In the current clinical context, drug dosing in oncology is dictated by toxicity. The optimal dosages of drugs in combinatory regimens for solid tumours are not clear, and the typical physician's decision on dose adjustment is a clinical judgement based on the degree of toxicity experienced by the patient. CURATE.AI - a small data, AI-derived technology platform - allows personalised guidance of an individual's dose modulations based only on that individual's data. Additionally, CURATE.AI is mechanism-independent, and dynamically adapts to changes experienced by the subject, providing dynamic dose optimisation throughout the duration of the subject's treatment. This study aims to demonstrate the feasibility of applying CURATE.AI in standard of care settings for treatment of solid tumours. An additional objective is to explore tumour markers in serial measurements at weekly frequency of probing, with modulated doses.

Detailed Description

Cancer patients are given drug combinations that promote cancer cell elimination. The final drug concentration in the body must fall within a narrow range that maximises cancer elimination while minimizing toxic side effects. The complexity of this task increases significantly with the number of drugs given in combination due to increasing parameters and stochastic behaviour of a biological system. Currently, the established approach is to select maximum tolerated doses (MTD) - the highest drug doses that do not cause unacceptable side effects. Treatment efficacy does not guide dose selection. Combined with limited personalisation, this dosing strategy often results in suboptimal outcomes of the treatment.

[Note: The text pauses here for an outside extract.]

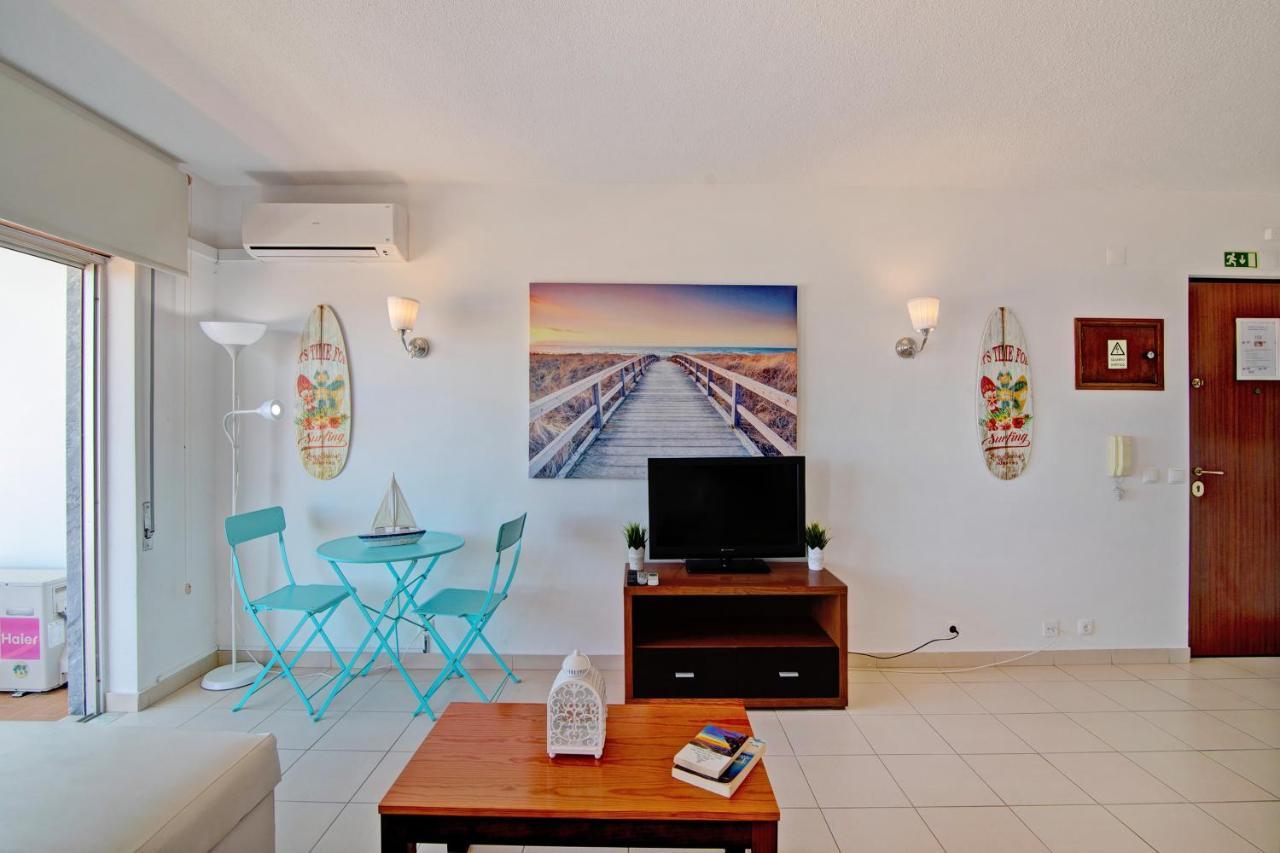 Vista Mar 4ºe Apartment Armacao de Pera Luaran gambar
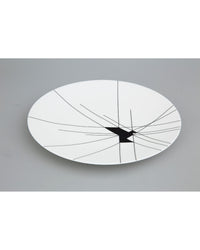 ASSIETTE ORIGAMI 27CM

CURATE.AI is an AI-derived, mechanism-independent, small data technology platform for personalised, dynamic dosing. CURATE.AI uses a quadratic equation to generate individualised CURATE.AI profile and dosing recommendation based on only that individual's medical data: drug doses and the corresponding response marker (e.g. blood tumour markers). Profile recalibration via CURATE.AI facilitates dynamic dosing and personalised care throughout the treatment duration, aimed at achieving the highest efficacy within pre-specified safe dose ranges.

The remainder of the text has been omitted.